• Material shown:

====

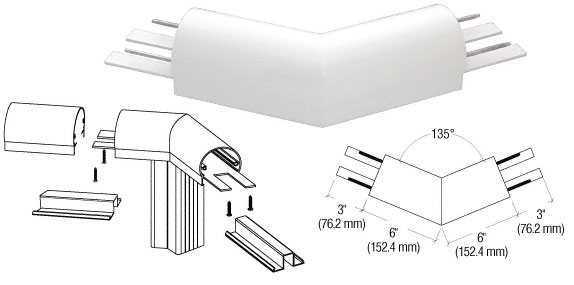 C.R. Laurence CRL Sky White 300 Series Top Cap 135 Degree Corner | 3TRH3W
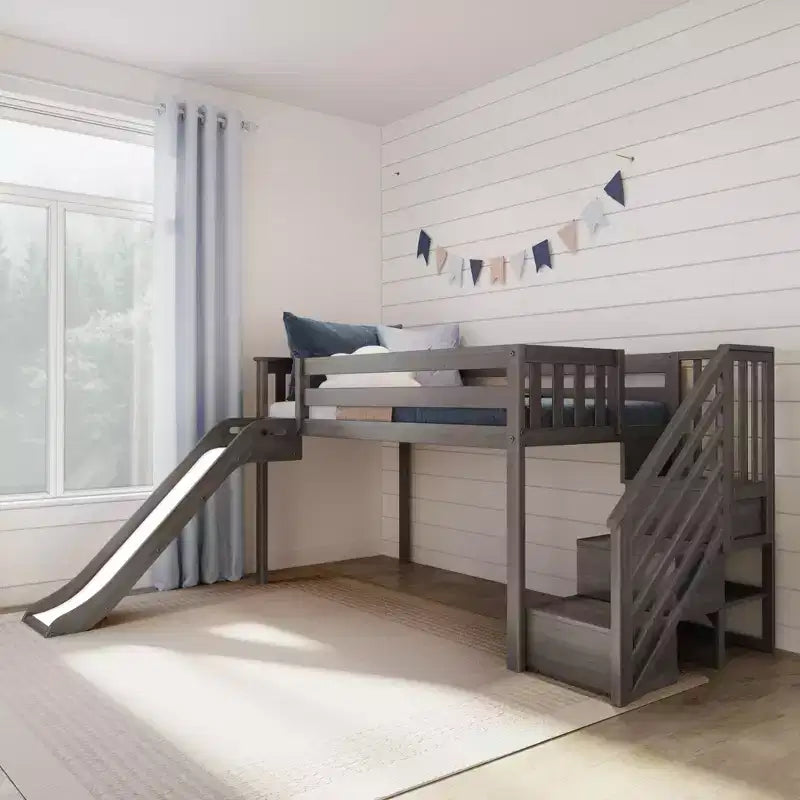 Letto a soppalco basso per bambini con scivolo e scale, legno massiccio, 14 sponde protettive, capacità 181 kg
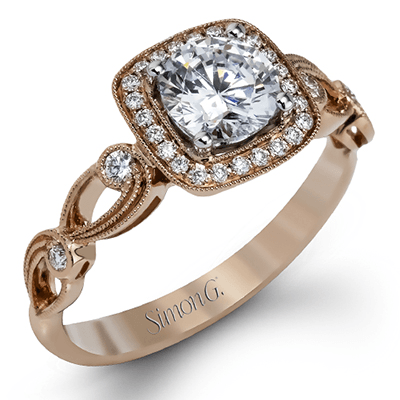 Round - Cut Halo Engagement Ring In 18k Gold With Diamonds - Simon G. Jewelry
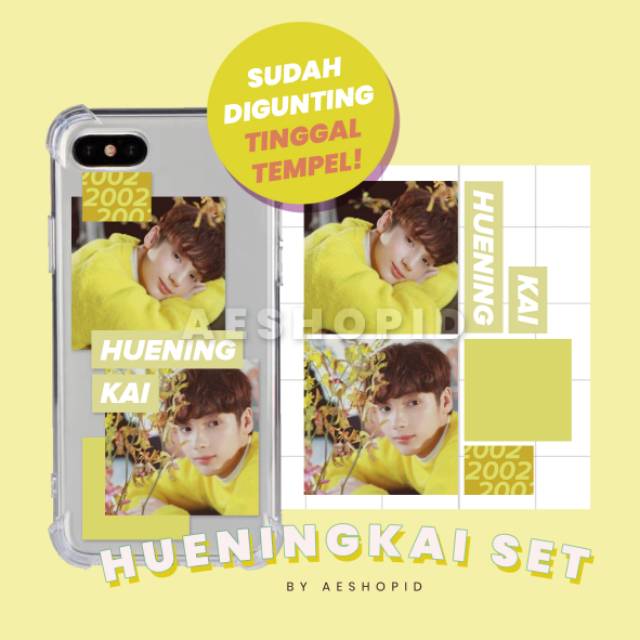 DIY sticker case set TXT stiker tumblr aesthetic hp kpop hueningkai soobin yeonjun beomgyu taehyun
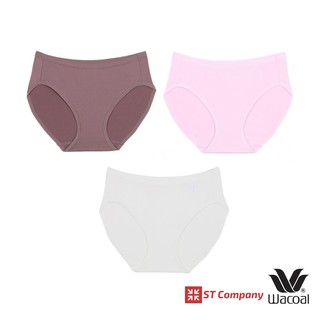 Wacoal Panty ทรง Bikini ขอบเรียบ สีน้ำตาล-ครีม-ชมพู (3 ตัว) รุ่น WU1M01 WU1C34 WQ6M01 กางเกงใน ผู้หญิง วาโก้ บิกินี่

====

• Your assignment: Beginning with the line where "Letto a soppalco" appears, restate word for word every line down to the last one in the data, but keep the pictures out.

• Response to this task:
 Letto a soppalco basso per bambini con scivolo e scale, legno massiccio, 14 sponde protettive, capacità 181 kg
 Round - Cut Halo Engagement Ring In 18k Gold With Diamonds - Simon G. Jewelry
 DIY sticker case set TXT stiker tumblr aesthetic hp kpop hueningkai soobin yeonjun beomgyu taehyun
 Wacoal Panty ทรง Bikini ขอบเรียบ สีน้ำตาล-ครีม-ชมพู (3 ตัว) รุ่น WU1M01 WU1C34 WQ6M01 กางเกงใน ผู้หญิง วาโก้ บิกินี่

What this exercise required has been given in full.